# COLLECTED MATERIAL
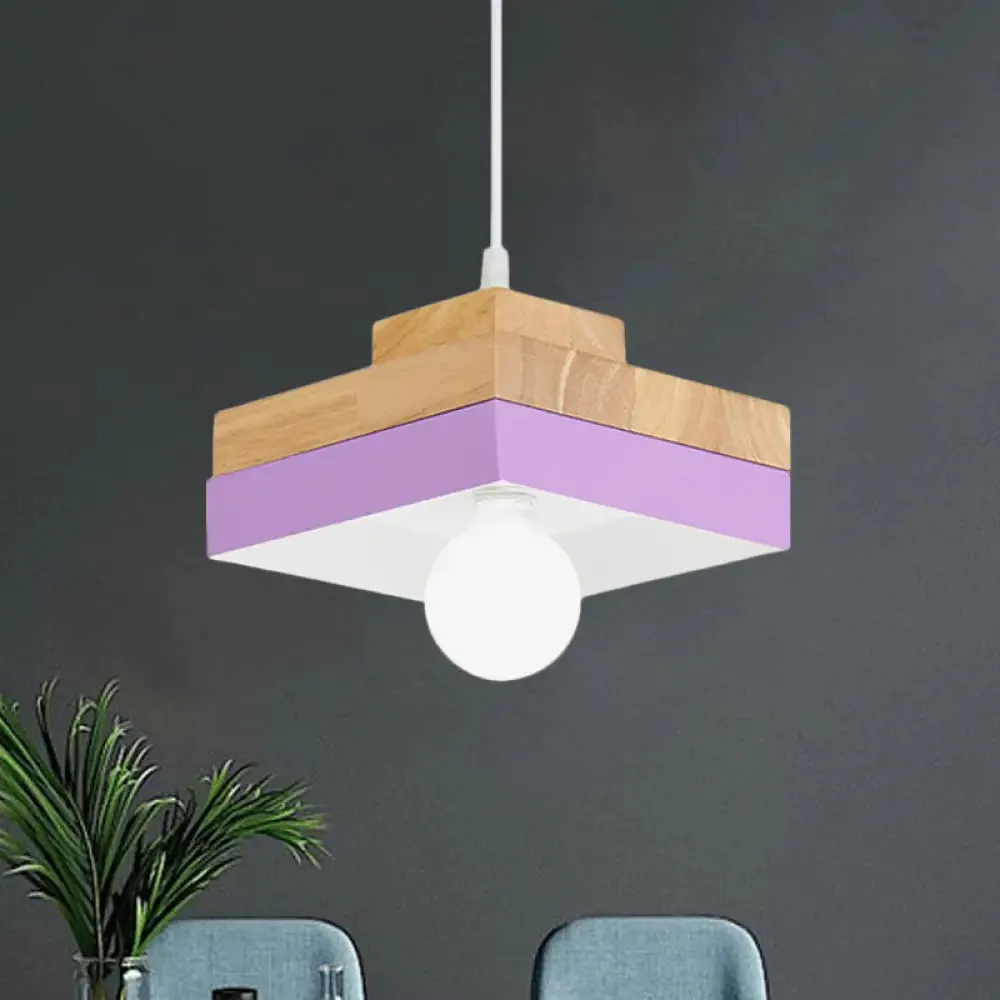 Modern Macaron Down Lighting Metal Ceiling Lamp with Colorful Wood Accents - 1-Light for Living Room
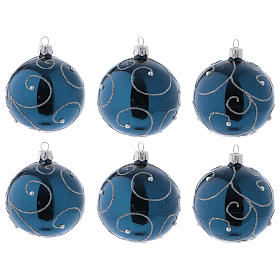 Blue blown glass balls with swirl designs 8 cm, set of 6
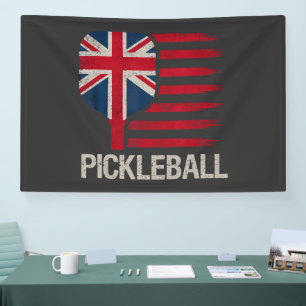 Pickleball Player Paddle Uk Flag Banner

# WHAT YOU SHOULD DO
Would you please copy the material exactly, leaving all the pictures out?

# OUTPUT
 Modern Macaron Down Lighting Metal Ceiling Lamp with Colorful Wood Accents - 1-Light for Living Room
 Blue blown glass balls with swirl designs 8 cm, set of 6
 Pickleball Player Paddle Uk Flag Banner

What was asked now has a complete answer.